Yes. In terms of the investment for the industrial Internet businesses as well as some of the longer-term projects, I think, our philosophy has never been short-term financial-number driven. Our philosophy has always been long-term value-driven, right? If we can actually create value for the long run, we will do the right things, i.e. make the investment, and we will not be swayed by short-term financial considerations.

Operator

The next question comes the line of Jin-Kyu Yoon from New Street Research.

J
Jin-Kyu Yoon
analyst

Just a quick follow-up on kind of advertising, in general. You guys talked about how advertising was, especially on the SNS side, driven by kind of new outlets and new inventory. But can you just also talk about kind of CPC, CPM pricing trends among the bigger SNS advertising businesses? And perhaps, can you kind of rank them into order in terms of revenue contribution?

James Mitchell
executive

So in terms of revenue contribution, we don't go into great detail, but Weixin Moments is the single largest contributor, and then Weixin Official Accounts, Weixin Mini Programs are also substantial contributors. But then outside Weixin, our mobile ad network has become a very substantial revenue contributor and our mobile browser is also a meaningful contributor.
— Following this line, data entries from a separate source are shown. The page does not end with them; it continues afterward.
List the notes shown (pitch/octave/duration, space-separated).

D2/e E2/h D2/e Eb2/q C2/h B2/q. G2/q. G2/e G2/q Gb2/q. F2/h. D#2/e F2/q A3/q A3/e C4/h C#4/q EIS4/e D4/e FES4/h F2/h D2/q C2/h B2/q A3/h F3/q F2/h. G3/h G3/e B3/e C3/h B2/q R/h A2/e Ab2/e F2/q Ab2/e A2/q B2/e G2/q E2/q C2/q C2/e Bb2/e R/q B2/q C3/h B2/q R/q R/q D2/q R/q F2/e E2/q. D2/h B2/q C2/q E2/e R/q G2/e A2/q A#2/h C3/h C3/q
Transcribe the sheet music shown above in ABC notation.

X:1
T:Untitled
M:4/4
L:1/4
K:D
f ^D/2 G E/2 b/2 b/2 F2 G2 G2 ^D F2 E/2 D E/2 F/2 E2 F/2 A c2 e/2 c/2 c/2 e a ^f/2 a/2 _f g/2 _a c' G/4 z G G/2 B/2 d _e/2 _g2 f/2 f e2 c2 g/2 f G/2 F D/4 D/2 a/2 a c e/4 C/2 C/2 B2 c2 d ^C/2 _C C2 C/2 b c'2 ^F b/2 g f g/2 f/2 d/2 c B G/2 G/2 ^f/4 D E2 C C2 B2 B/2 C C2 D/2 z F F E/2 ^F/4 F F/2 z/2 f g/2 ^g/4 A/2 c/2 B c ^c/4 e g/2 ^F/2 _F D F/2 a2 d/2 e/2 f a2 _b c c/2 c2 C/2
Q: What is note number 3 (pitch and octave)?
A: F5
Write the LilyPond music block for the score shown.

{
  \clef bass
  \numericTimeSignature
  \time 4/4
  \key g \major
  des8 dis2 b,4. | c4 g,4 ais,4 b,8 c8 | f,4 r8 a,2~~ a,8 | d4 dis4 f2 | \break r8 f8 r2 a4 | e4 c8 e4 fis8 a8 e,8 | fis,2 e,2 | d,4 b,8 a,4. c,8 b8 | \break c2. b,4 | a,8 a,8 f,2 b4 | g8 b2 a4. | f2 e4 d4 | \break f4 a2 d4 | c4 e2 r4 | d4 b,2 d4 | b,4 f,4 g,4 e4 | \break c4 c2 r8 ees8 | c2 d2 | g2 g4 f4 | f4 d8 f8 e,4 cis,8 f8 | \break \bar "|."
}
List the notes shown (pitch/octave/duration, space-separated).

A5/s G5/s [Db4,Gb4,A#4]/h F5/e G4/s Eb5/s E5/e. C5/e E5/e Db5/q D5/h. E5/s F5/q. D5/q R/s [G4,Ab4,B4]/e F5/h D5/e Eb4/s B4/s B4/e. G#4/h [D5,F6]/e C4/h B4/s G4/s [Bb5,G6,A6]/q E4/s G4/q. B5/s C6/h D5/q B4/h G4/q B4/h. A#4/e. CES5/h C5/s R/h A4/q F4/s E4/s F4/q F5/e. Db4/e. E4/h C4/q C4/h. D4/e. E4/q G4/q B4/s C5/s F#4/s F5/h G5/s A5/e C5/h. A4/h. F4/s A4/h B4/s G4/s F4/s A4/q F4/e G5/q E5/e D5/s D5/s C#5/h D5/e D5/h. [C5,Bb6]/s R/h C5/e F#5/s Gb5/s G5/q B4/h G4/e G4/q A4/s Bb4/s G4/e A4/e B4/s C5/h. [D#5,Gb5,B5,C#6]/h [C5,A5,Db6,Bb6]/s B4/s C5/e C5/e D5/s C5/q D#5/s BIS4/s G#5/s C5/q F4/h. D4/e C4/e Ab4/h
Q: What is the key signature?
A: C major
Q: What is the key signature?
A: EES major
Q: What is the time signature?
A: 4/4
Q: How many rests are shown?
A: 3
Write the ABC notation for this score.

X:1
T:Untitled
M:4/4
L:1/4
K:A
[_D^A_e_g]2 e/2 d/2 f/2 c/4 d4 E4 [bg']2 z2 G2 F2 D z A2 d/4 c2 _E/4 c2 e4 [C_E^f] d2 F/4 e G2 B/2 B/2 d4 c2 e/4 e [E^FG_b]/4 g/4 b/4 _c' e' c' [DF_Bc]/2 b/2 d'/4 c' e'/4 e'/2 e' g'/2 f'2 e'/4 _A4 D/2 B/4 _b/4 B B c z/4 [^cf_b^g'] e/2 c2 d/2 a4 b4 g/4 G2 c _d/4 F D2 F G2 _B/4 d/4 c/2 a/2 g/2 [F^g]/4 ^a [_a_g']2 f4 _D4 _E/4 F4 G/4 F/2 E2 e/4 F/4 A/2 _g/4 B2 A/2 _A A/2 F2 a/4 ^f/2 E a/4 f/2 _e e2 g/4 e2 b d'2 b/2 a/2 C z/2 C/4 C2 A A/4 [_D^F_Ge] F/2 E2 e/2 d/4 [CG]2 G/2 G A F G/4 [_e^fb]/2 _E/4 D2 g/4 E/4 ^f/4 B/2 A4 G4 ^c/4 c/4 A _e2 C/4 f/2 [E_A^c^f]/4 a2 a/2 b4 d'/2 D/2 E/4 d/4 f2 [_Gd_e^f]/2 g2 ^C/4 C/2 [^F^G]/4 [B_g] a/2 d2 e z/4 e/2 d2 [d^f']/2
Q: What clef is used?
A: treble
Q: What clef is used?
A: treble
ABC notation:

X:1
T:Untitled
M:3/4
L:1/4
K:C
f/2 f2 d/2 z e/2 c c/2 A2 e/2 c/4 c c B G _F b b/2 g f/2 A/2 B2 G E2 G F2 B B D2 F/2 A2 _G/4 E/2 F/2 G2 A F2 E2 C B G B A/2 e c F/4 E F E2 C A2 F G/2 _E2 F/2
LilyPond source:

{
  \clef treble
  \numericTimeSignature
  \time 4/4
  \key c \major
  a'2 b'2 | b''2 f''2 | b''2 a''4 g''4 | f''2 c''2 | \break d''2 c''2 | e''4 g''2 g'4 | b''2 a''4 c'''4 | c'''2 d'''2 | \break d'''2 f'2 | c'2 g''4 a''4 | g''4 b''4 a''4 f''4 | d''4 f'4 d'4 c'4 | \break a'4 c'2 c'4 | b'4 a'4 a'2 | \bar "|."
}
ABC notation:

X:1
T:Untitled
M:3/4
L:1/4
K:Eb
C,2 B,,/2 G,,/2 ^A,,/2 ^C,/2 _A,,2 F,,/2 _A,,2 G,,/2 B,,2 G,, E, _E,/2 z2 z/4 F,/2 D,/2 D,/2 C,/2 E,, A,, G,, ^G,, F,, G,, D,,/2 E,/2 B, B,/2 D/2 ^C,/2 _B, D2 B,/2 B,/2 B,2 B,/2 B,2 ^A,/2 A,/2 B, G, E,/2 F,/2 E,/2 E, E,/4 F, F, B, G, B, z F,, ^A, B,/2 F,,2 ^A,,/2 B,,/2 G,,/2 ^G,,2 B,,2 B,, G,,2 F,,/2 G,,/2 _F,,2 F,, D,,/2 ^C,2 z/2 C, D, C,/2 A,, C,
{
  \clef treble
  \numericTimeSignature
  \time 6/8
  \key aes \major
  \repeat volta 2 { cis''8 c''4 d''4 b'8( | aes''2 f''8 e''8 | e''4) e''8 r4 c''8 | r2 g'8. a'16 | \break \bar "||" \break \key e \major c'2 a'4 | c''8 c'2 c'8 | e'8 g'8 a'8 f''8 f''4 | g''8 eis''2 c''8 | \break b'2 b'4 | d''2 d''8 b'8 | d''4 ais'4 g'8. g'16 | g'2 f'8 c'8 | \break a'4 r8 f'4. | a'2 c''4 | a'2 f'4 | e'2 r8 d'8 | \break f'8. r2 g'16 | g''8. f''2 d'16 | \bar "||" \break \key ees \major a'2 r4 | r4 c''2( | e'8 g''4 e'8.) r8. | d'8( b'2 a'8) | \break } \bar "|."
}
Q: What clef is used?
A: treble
And we're in the process of ramping up our new speed threat, which is an area where we believe we have traffic equal to or superior than most of our peers, but our revenue are still much lower than our peers, and we're in the process of rectifying that discrepancy. In terms of our CPC and CPM, there's enormous variation by property. So for example, Weixin Moments commands a premium CPM relative to almost every other media in China because it is uniquely effective at targeting a nationwide white-collar audience in an attractive and engaging and low-clutter way. And ads, we have been increasing the ad load on Weixin Moments. The focus is more around preserving the CPM within a same-city basis rather than seeking to drive -- to grow the premium further. Then, a property like our video property would be a medium CPM, that's increasing over time due to the growing advertiser demand at a moderate rate. And then something like our mobile ad network, which historically had a very low CPM, but as we apply more technology and as advertisers get more comfortable with our systems and the quality of the clicks we deliver, then the CPM and CPC from our mobile ad network would be increasing particularly quickly.

J
Jane Yip
executive

Thank you. And we are closing the call now. If you wish to check out our press release and other financial information, please visit the IR section of our company website. A replay of the webcast will also be available soon. Thank you, and see you next quarter.